Seven years later he served as military attache to his country’s embassy at Leningrad, and from 1919 to 1921 in the same capacity at Helsingfors. Through promotions he was commissioned a major in the Norwegian army in 1931.
But two years later, within four months after Adolf Hitler became chancellor of Germany, Quisling organized a Fascist Party in Norway, imitating the German organization of Hitler and becoming an ardent admirer of that leader.
Hence, when word was received in the winter of 1939-40 that the German army, already having overrun most of western Europe in the first few months of World War II, was contemplating an invasion of Norway, Quisling, then on the retired list, and his small party of Fascists got themselves in readiness.
The invasion surprised all Norway and Europe; it occurred, partly by sea and partly by air, on the night of April 8-9, 1940. The government refused to yield to German demands for surrender, and ordered a full mobilization of its army. But Quisling and his followers seized control of the Oslo radio station and countermanded the orders.
King Haakon and his loyal ministers fled northward and eventually escaped by sea to England, where a government-in-exile was set up.
After the king’s flight, Quisling was named the head of government by the German commander, a position that he occupied briefly. But in the following September he was again given the title, and thereafter carried out all the orders of his German overlords until the German military collapse in April, 1945.

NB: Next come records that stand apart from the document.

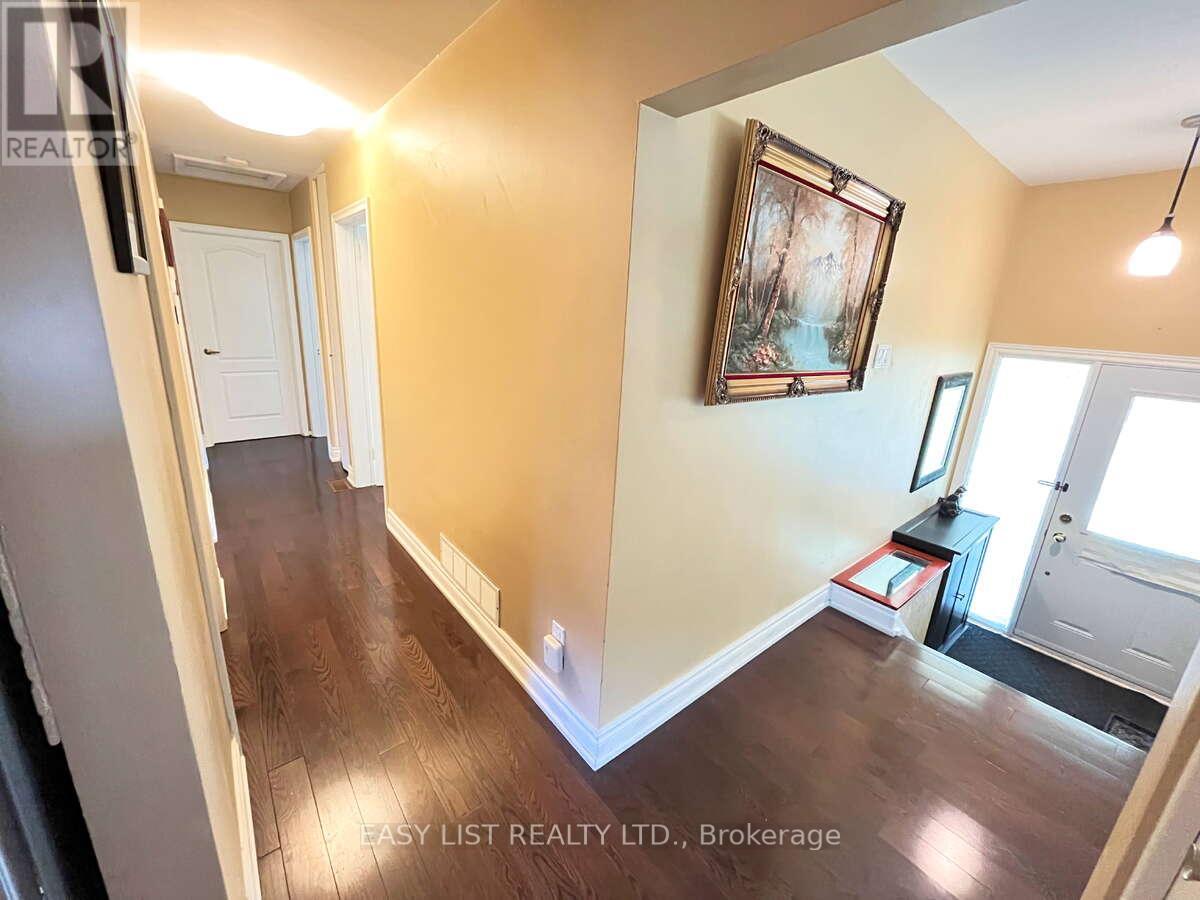 57 Kilbride Road, Toronto (bendale), Ontario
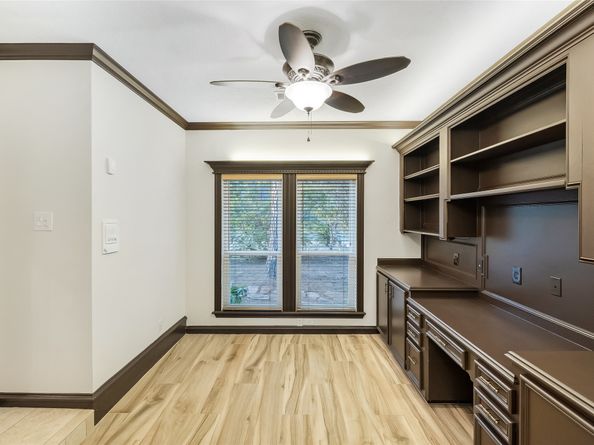 6 S Buck Ridge, The Woodlands TX 77381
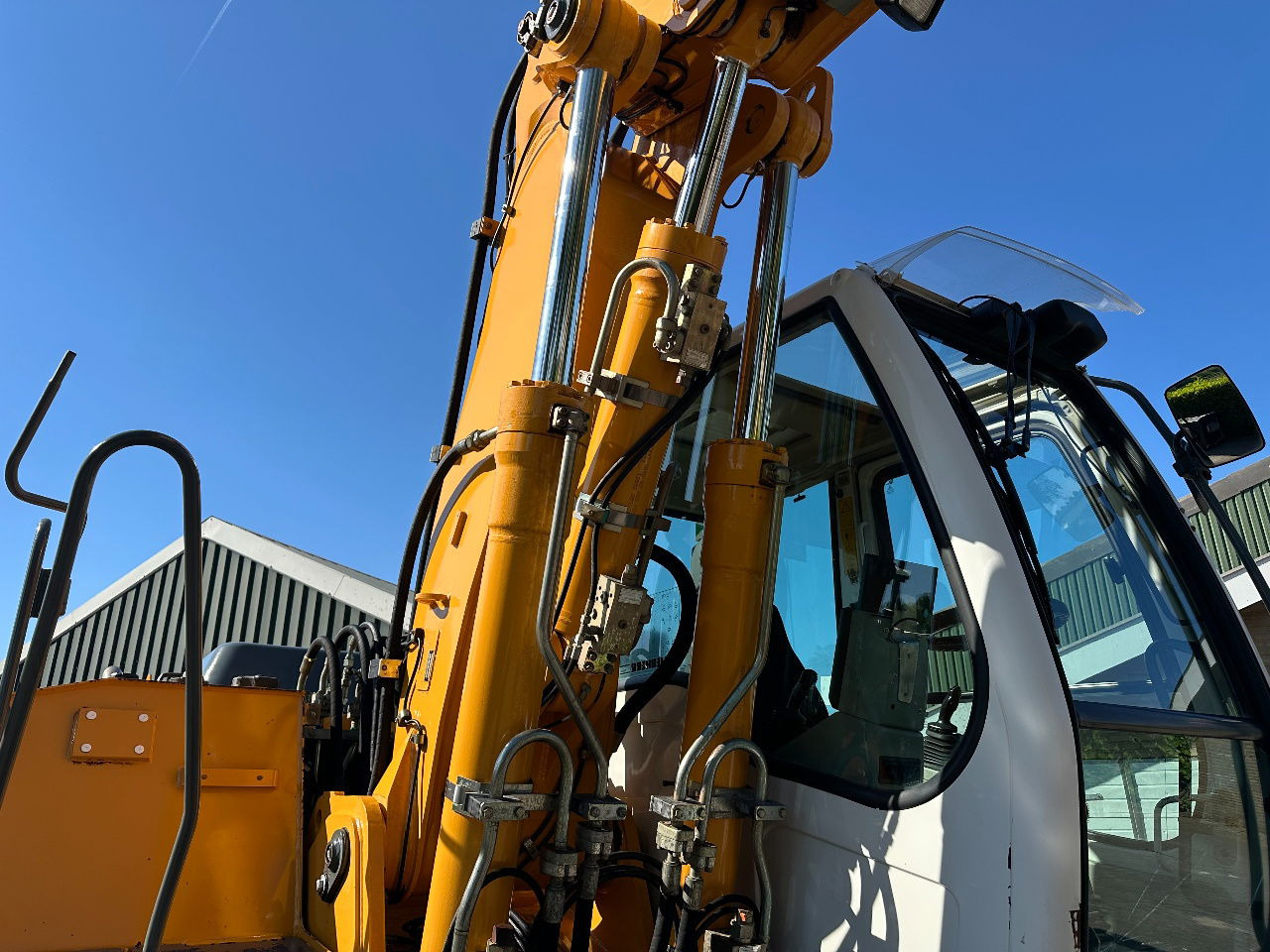حفارة على عجلات Liebherr A900C: صور 27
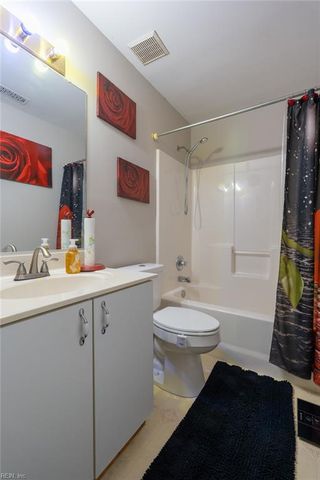547 Seahorse RN, Chesapeake, VA 23320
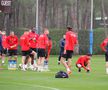 „Ce faci, mă, i-ai dat-o lui Yuri?” » Antrenament pe două anotimpuri: FCSB a ieșit „la joacă” în Antalya. Noua achiziție a captat toate privirile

Immediately, then, Quisling was placed under arrest by orders of the legal government, charged with treason, murder, and theft. The murder charge was based upon his responsibility for the deaths of a thousand Jewish and a hundred other Norwegian civilians. He was convicted on all counts in September, 1945.
The verdict, a sentence of death, was the first of such extreme penalties given by a Norwegian court in many years, for criminal execution had long been abolished under the laws of the country.
However, the Supreme Court promptly upheld an act passed in October, 1941, by the government-in-exile re-establishing that penalty for convicted traitors, and Quisling was shot by a firing squad at the Akershus fortress in the early hours of October 24, 1945.
Because of the great contempt in which his actions were held by the peoples of all nations fighting against Germany, his name became a hateful byword applied, especially during the war, to anyone whose actions were traitorous.